■ **Records for this exercise**:
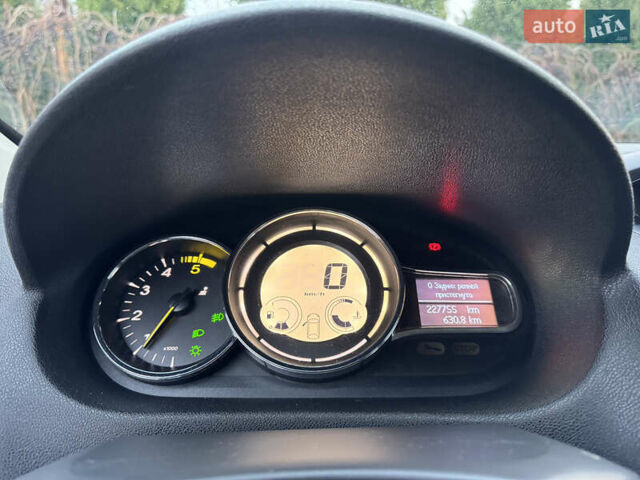 Білий Рено Меган, об'ємом двигуна 1.6 л та пробігом 227 тис. км за 7999 $, фото 46 на Automoto.ua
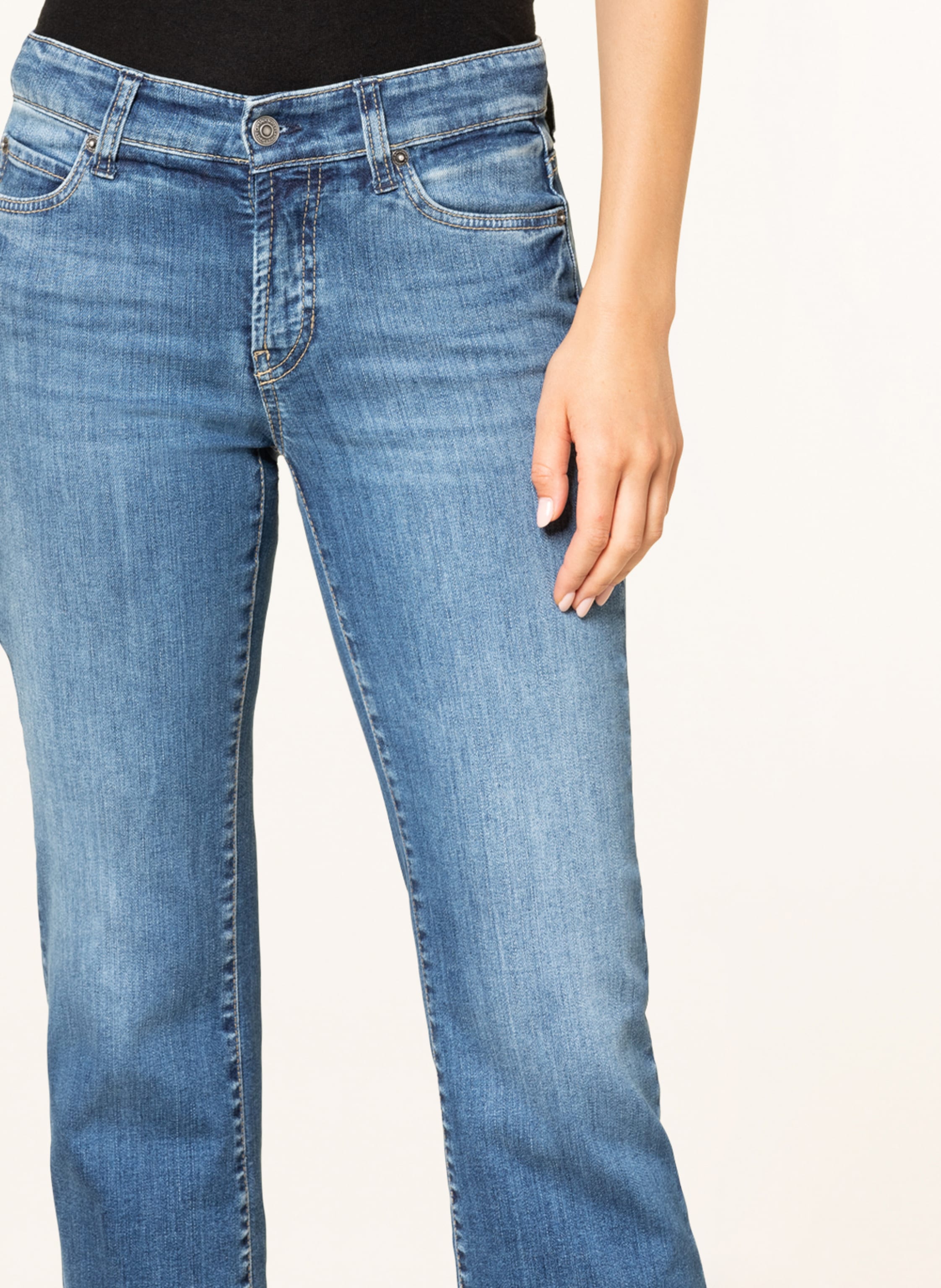 Thumbnail - Cambio Flared Jeans Paris blau
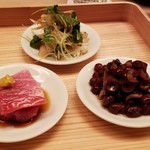 緒方 - ④炙り石影貝(岩手県三陸産)
      正式名称は蝦夷石影貝(石垣貝とも言われる)
      
      ⑤本鮪(青森県風合瀬産)中トロのヅケ
      
      ⑥真蛸の小倉煮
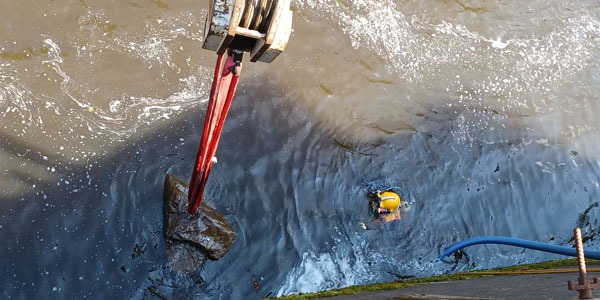 Bergen Unterwasser Suchen Unterwasser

■ **What to do**: Reproduce the final stretch of lines exactly: the line containing "正式名称は蝦夷石影貝(石垣貝とも言われる)" through the last line of the data, both included. Pictures do not belong in the copy.

■ **The answer**:
      正式名称は蝦夷石影貝(石垣貝とも言われる)
      
      ⑤本鮪(青森県風合瀬産)中トロのヅケ
      
      ⑥真蛸の小倉煮
 Bergen Unterwasser Suchen Unterwasser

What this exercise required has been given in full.